心の中で、ずっとモヤモヤと残り続けている。
今になっては、と言うよりあの瞬間から、
取り返しのつかない後悔である。


高校2年生の時、担任の夫が亡くなった。
担任が50歳前後と思われたので、旦那さんだってまだ若かっただろう。
その1週間前には担任が突然帰った日があって、
噂で「旦那さんが倒れたらしい」と聞いていたので、
「駄目だったんだ…」という気持ちだった。

先生は、旦那さんが亡くなるまで毎日学校に来ていた。
それだけで先生の性格や人柄は充分分かることだろう。
先生はとにかく真面目で、何故だかいつも報われなかった。

訃報を聞いた時、高校生の私に出来ることは何も無かった。
担任と特別仲が良かったわけでは無いし、
『担任の旦那』という、字面では一見近しい関係に見えて
あの時の私にとって、会ったことのないだけで果てしなく遠い人物だった。


担任は気が弱くて、本当に人が良かった。
だから一生懸命授業をしていても、一番騒がしいのは担任の授業だった。

どうしてそういう人ばかり、
こういう目に遭うんだろう。

まだ若いのに、これから先生は1人で子どもを育てるんだ。
同情だったか、エールの気持ちだったか、
とにかく旦那さんへの弔いの気持ちだけは、しっかりと心に持っているつもりだった。

ところが、である。
そんな気持ちを持っていたところで何ら意味がないことを、
思い知らされる瞬間があった。

担任は暫く休みを取ったので、ホームルームの時間は別の先生が賄っていた。
その先生は私たち生徒の前で、静かに話し始めた。

「皆さんご存知の通り、担任の先生は旦那さんが亡くなって休暇を取っています。
先日お葬式がありました。
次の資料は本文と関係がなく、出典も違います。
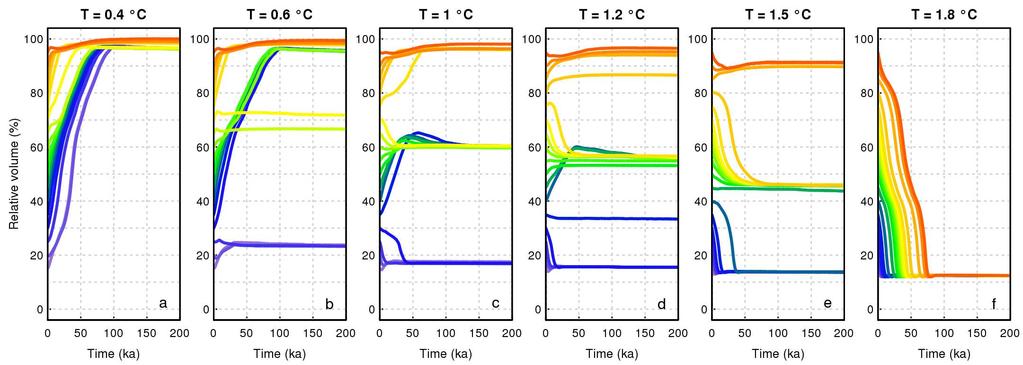 Figure S4: Temporal evolution of ice sheet volume for different temperature anomalies (shown at the top of each panel) and different initial volumes.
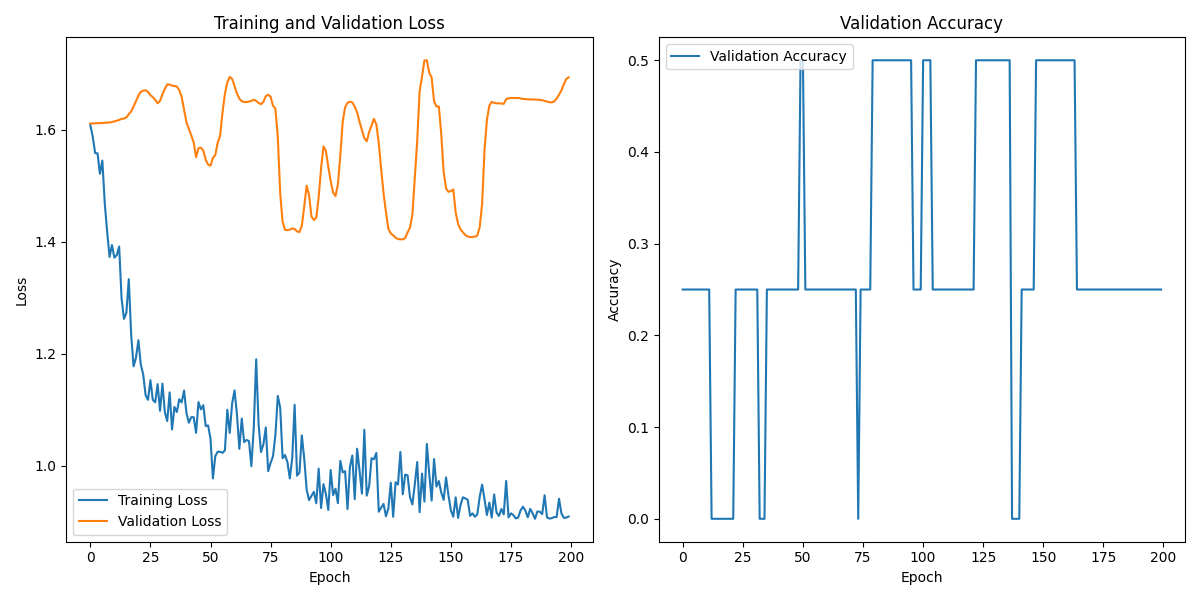 S02S02_labeled_eeg_data_W6.csv_loss_plot.png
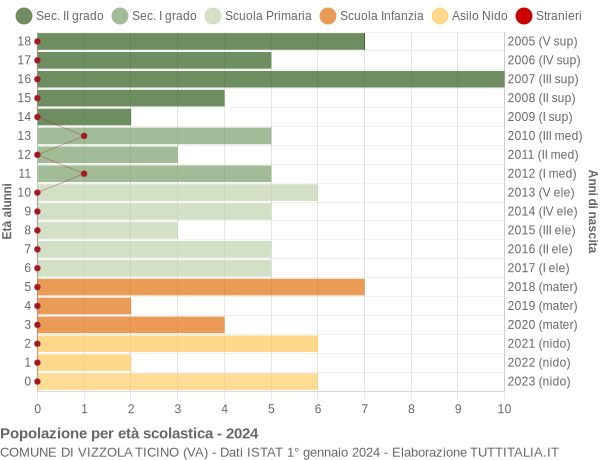 Grafico Popolazione in età scolastica - Vizzola Ticino 2024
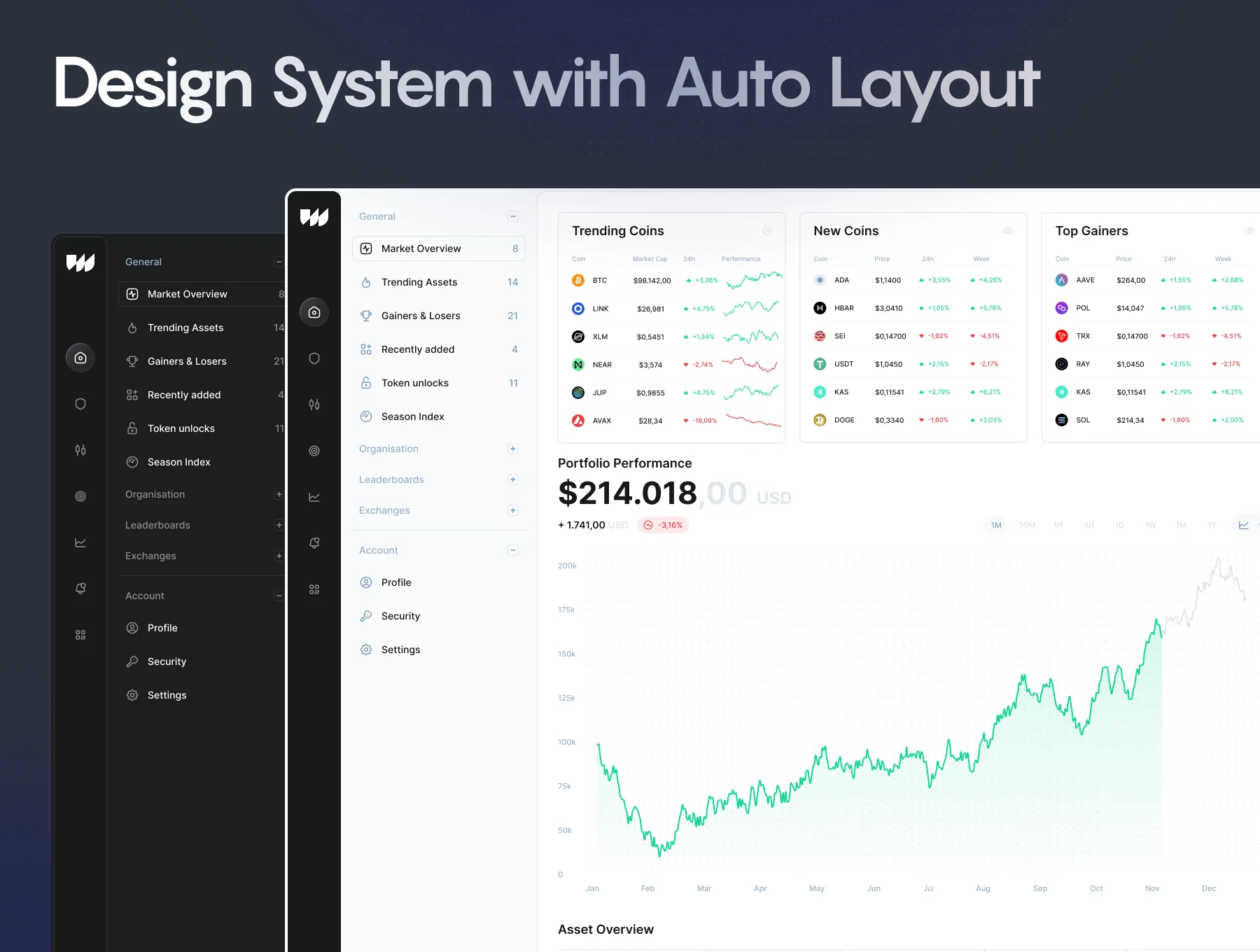 Quantboard - Crypto & Trading Dashboard UI Kit for Figma 3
貴方たち生徒は、誰1人としてお葬式に来ませんでしたね。
先生はとても残念な気持ちになりました」

衝撃だった。
私は親戚や余程仲の良い関係以外のお葬式に行くなど、1ミリと頭に無かったのである。
その教室にいる誰か1人でも、その発想はあっただろうか。
それとも皆、口にしなかっただけで考えていたのだろうか。

いやそれよりも、
どうしてそれを、全てが終わった後に説教するのか。
例えば今説教している貴方が事前に教えてくれていて、
それでも尚誰1人参列しなかった時、
「残念だった」と言っても良いと思う。
何故貴方は取り返しのつかないことを、事前に教えてくれなかったのか。
それほど前に当たり前のことを、私たちは出来なかったのだろうか。

悔しかった。
何故自分にその発想が生まれなかったのか。
確かにこれは私の至らぬところで、
だからこそ私はこの説教に、とても傷付いた訳である。
生徒が葬式に行くことで担任の傷が幾らかでも癒えるならば、
私は自ら進んで参列するくらいの気持ちはあったのに。
『先生、いつも報われなくて可哀想。』
そう思っていた私は自らまた、可哀想なことをしてしまっていたのだ。

あのクラスには気の回る学級委員も居なければ、
「是非私たちはお葬式に行きたいんですが!」と言うような生徒も居なかった。
だけどそれは先生の思うだろう『無関心』じゃ無くて、
皆気を遣っていたんじゃないかと思う。
高校生からすれば、今でも重たいのに『人の死』なんて、
どうやって触れたら良いか分からないもの。

私たちは子どもだった。
だけど大人になって失敗を活かすことは出来ても、
あの時お葬式に行けなかった事実は一生変わらない。

とにかく私は今でもずっと、
あの出来事が忘れられずに居るのである。